Delayed Climate Plan “faces four key tests”

  • 23 Mar 2026
  • Politics, General News, Press Release

Stop Climate Chaos Scotland (SCCS), Scotland’s climate coalition, has today set out the four key tests the Scottish Government’s delayed Climate Change Plan must meet ahead of publication, expected this week, the last week of Parliamentary business before the election campaign.

SCCS has already raised serious concerns with Ministers and with Parliament over the shortcomings of the draft plan, published in November last year. That plan:

  1. ignored the increasingly precarious position agriculture in Scotland finds itself in, with no proper strategy to future-proof it;
  2. would see Scotland’s patchy and expensive public transport network essentially unchanged; 
  3. would not act to address home heating was fast enough or at scale; and
  4. relied on unproven technologies promoted by the oil and gas sector to allow business as usual, like carbon capture and storage.

Dr Mike Robinson, Chair of SCCS, said:

“Ending Scotland’s dependence on dwindling oil and gas was beyond urgent before the most recent horrific scenes coming out of the Middle East. Scottish households may not be in the direct firing line, but bills here at home will only get more expensive. Breaking the cycle of wars, spiralling costs and escalating climate breakdown is only possible if we switch entirely to clean, safe and renewable energy as soon as possible. 

“The draft climate plan was not fit for purpose when it came out, detailing a pathway for three quarters of the journey to net zero at best, but it still left a gaping hole for the rest. And developments since then make the need for change stronger than ever.

“The Scottish Government must act to ensure our homes can be heated affordably, that farming can thrive in the low carbon era, and that Scotland can shift to sustainable transport as soon as possible. Ministers face a multi-layered crisis not of their making, but any credible plan cannot rely on fantasy solutions for this transition.

“In the immediate term we need the government to turn these commitments into action, and really ramp up delivery, or they and we are going to run out of time to act.  And we need every sector of society to help and get behind Scotland’s climate plan, even with its shortcomings.

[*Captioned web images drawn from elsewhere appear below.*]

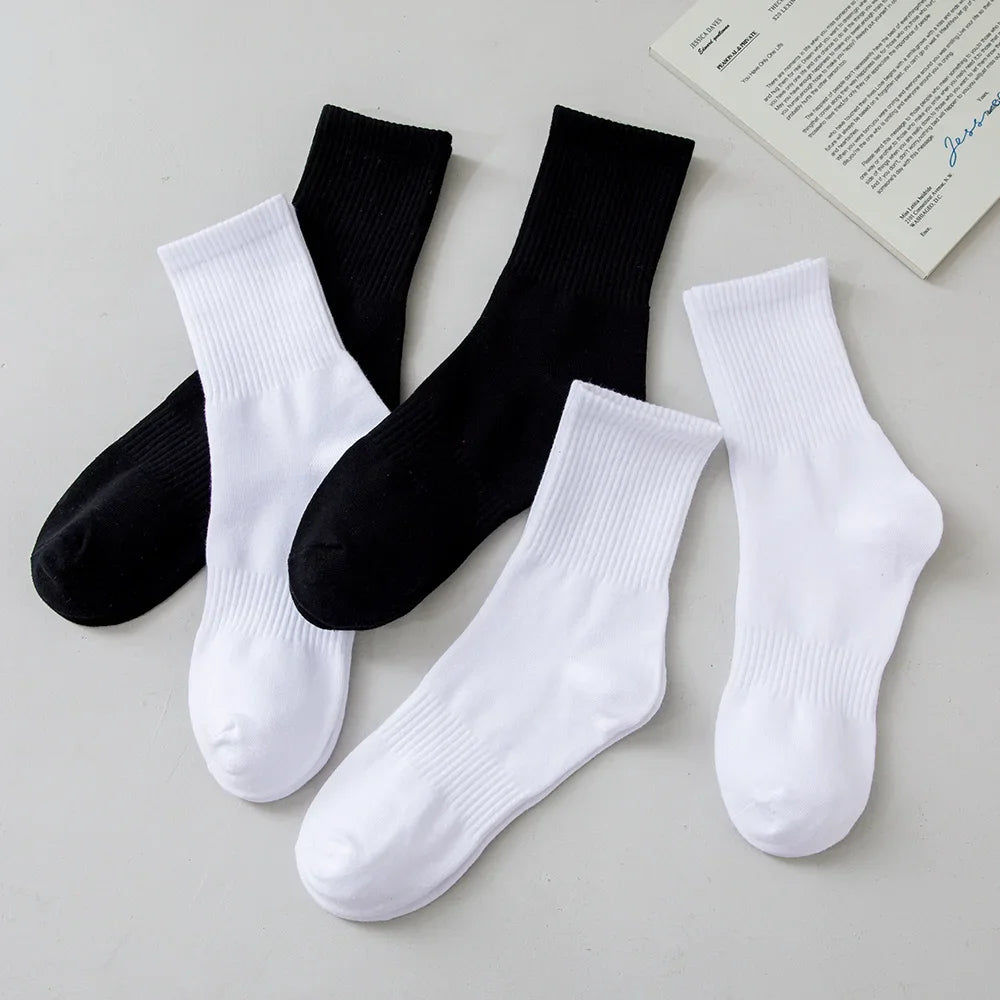5Pairs Brand Men Cotton New Style White Socks Men Soft Breathable Sports Long socks Summer Winter for Male Socks Plus Size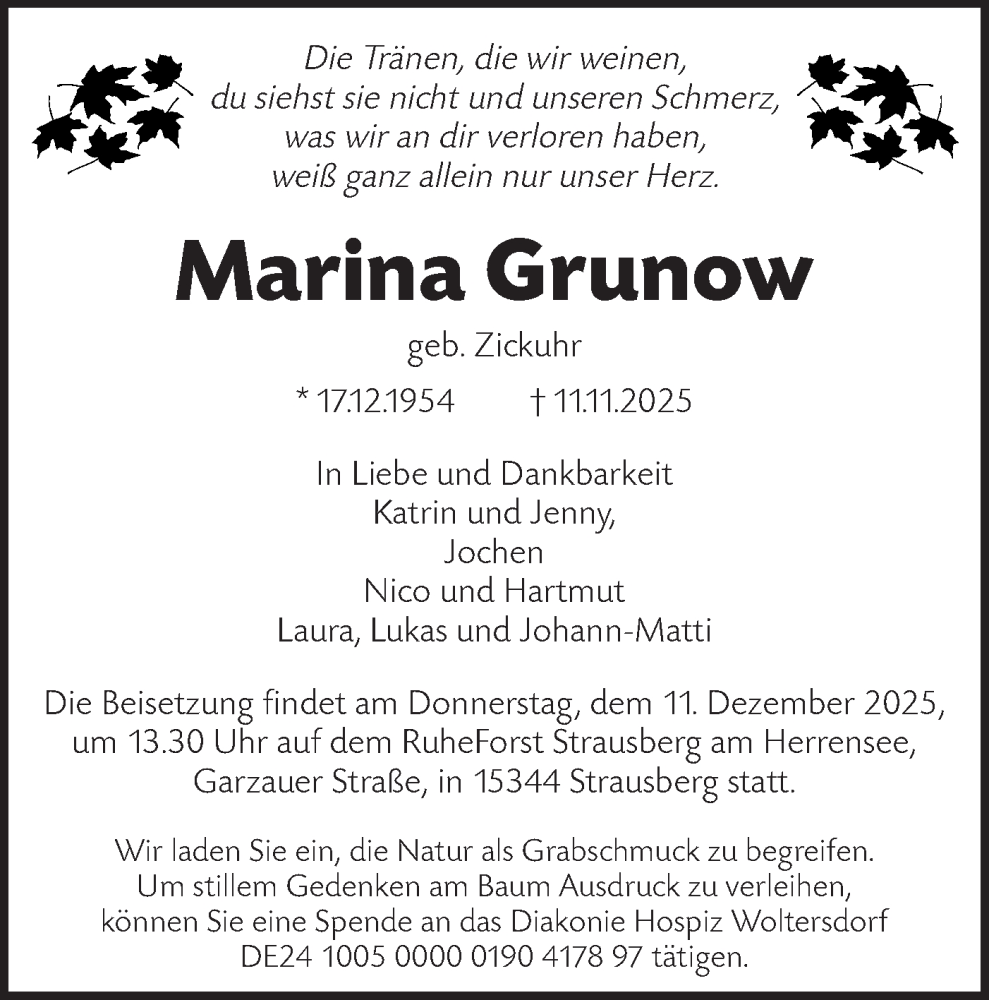  Traueranzeige für Marina Grunow vom 29.11.2025 aus Märkische Oderzeitung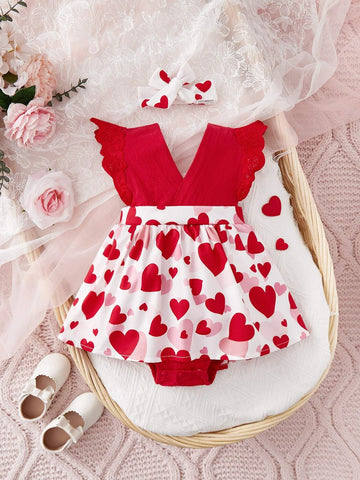 Baby Heart Print Ruffle Trim Combo Bodysuit Dress & Headband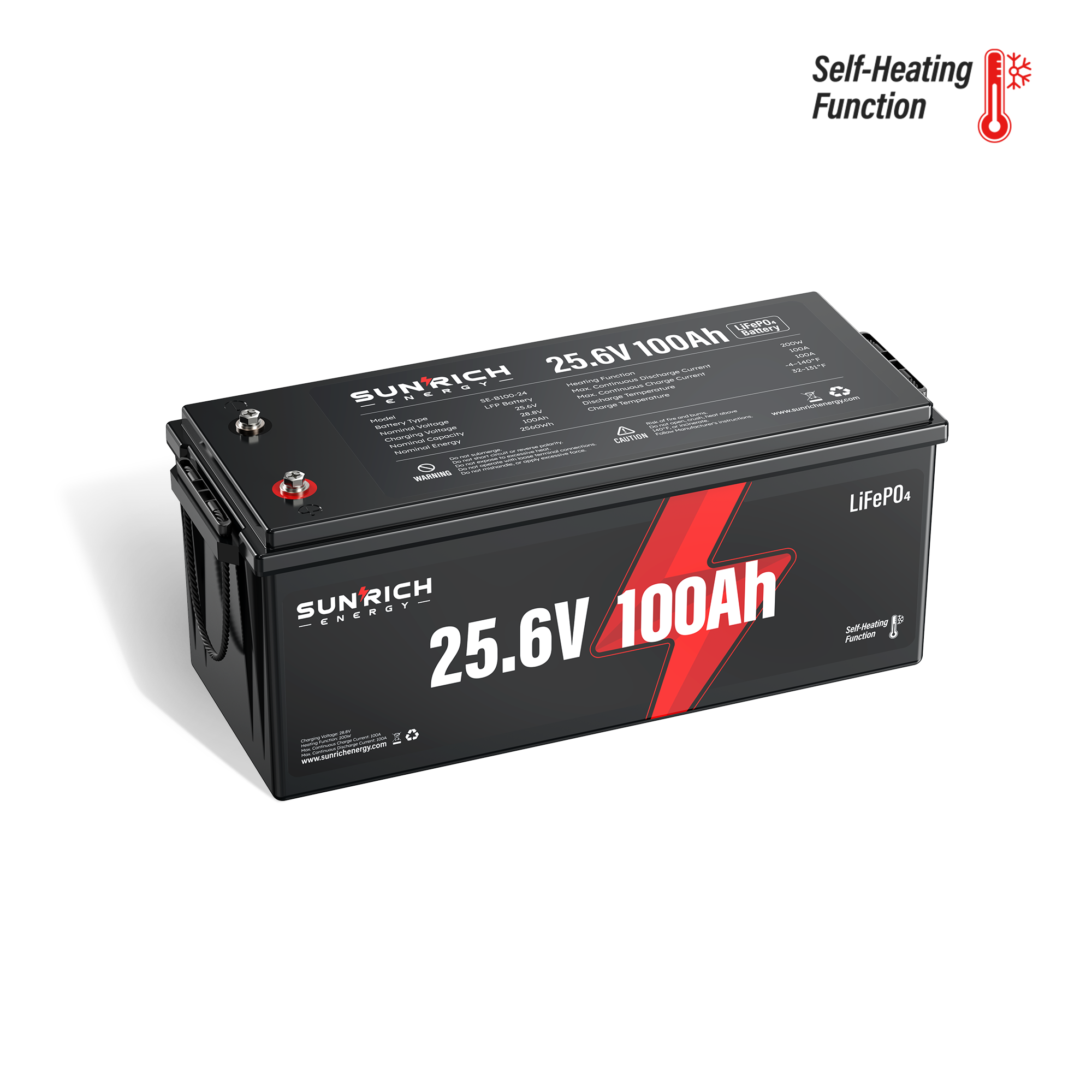 24V 100Ah LiFePO4 Battery (Self-Heating Function)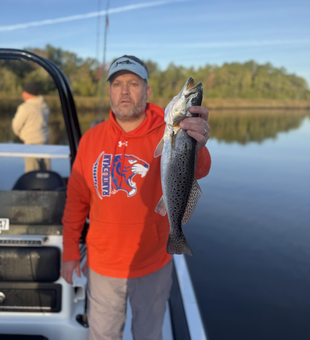 Nice speckled trout on light tackle today! Clear conditions made for an exciting adventure on the water.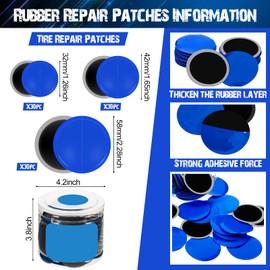 Tallew 90 Pcs Tire Patches Kit 32 mm 42 mm 58 mm Tire Repair Unit with Tire Patch Roller Liner Scraper, Tire and Tube Patch Auto Tallew-DEHUF45640 0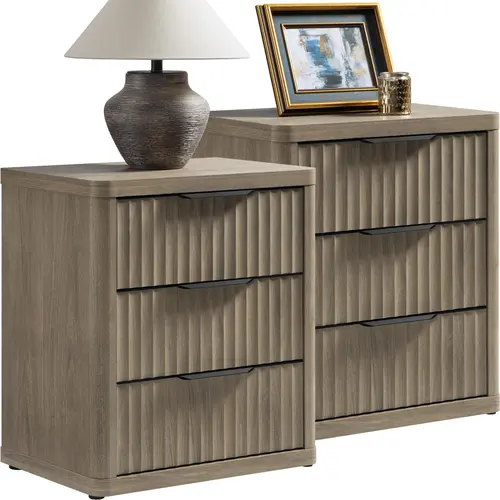 SICOTAS 2-Piece Matched Set Mid-Century Modern Engineered Wood Bedside Table Cabinets (15.5"d x 22.8"w x 25.6"h) - Fluted Panels, 3-Drawer Quick Grab, Contemporary Nightstand, Simple Setup, Minimal Chic Bedroom Organizer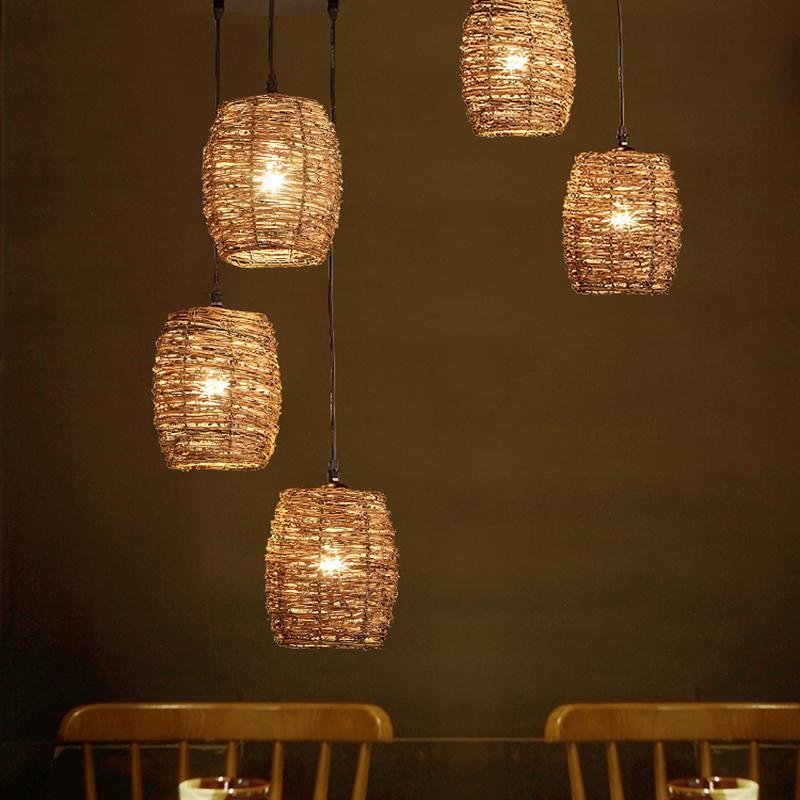 3 Piece Set of Transparent Burlywood Wicker Pendant Light Living Room Light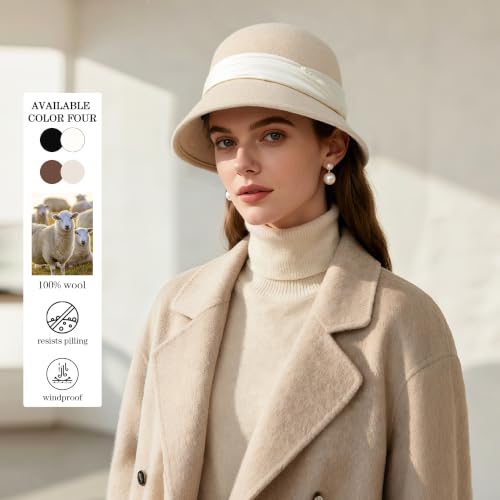 Women Cloche Felt Hat Winter Wool Bucket Hat Vintage Fedora Bowler Hat - color: 3-white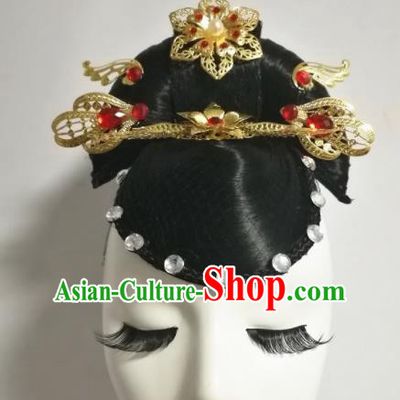 Chinese Traditional Classical Dance Hair Accessories Folk Dance Wig and Headwear for Women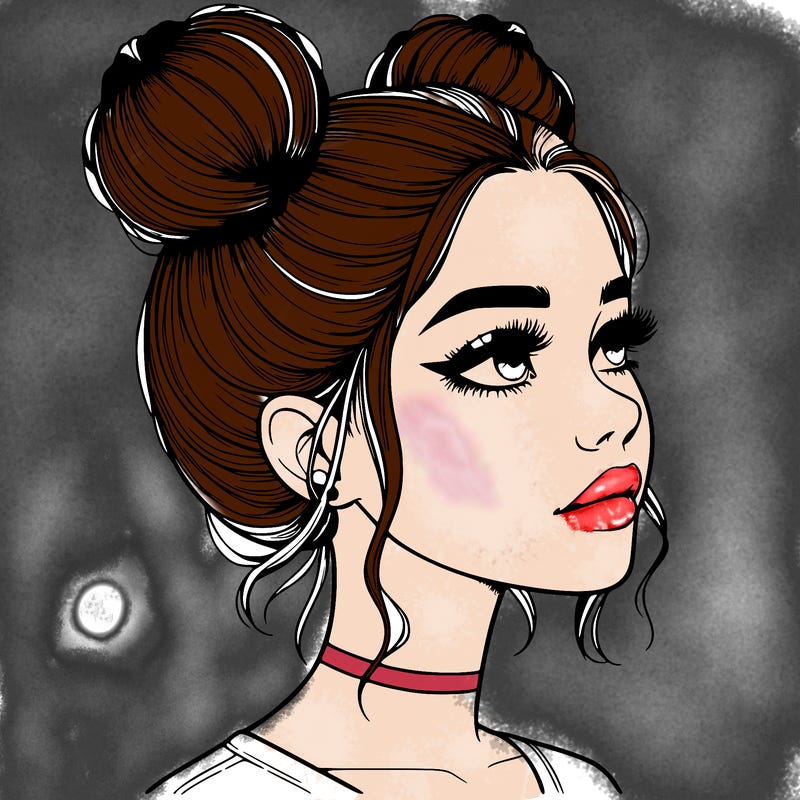 realistic girl with buns on the top of her head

“We’ve seen very little progress over the last five years.  We can’t afford to lose another five.  Now we need commitment and above all else, some urgency.”

Friends of the Earth Scotland oil and gas campaigns manager Rosie Hampton said:

“Carbon capture has a long history of expensive failures, perfectly illustrated by the lead developer of the Acorn project withdrawing between the draft climate plan and its final publication. 

“It is frankly delusional for Ministers to think that carbon capture technology, which has no working plant, no planning application and now without its key backer can deliver the level of emissions cuts required in Scotland within a decade. 

“The Climate Plan should be laying out an energy future built on renewable energy that is clean and run in the interests of the public. Workers deserve good, secure jobs, that the fantasy of carbon capture has never and will never provide.”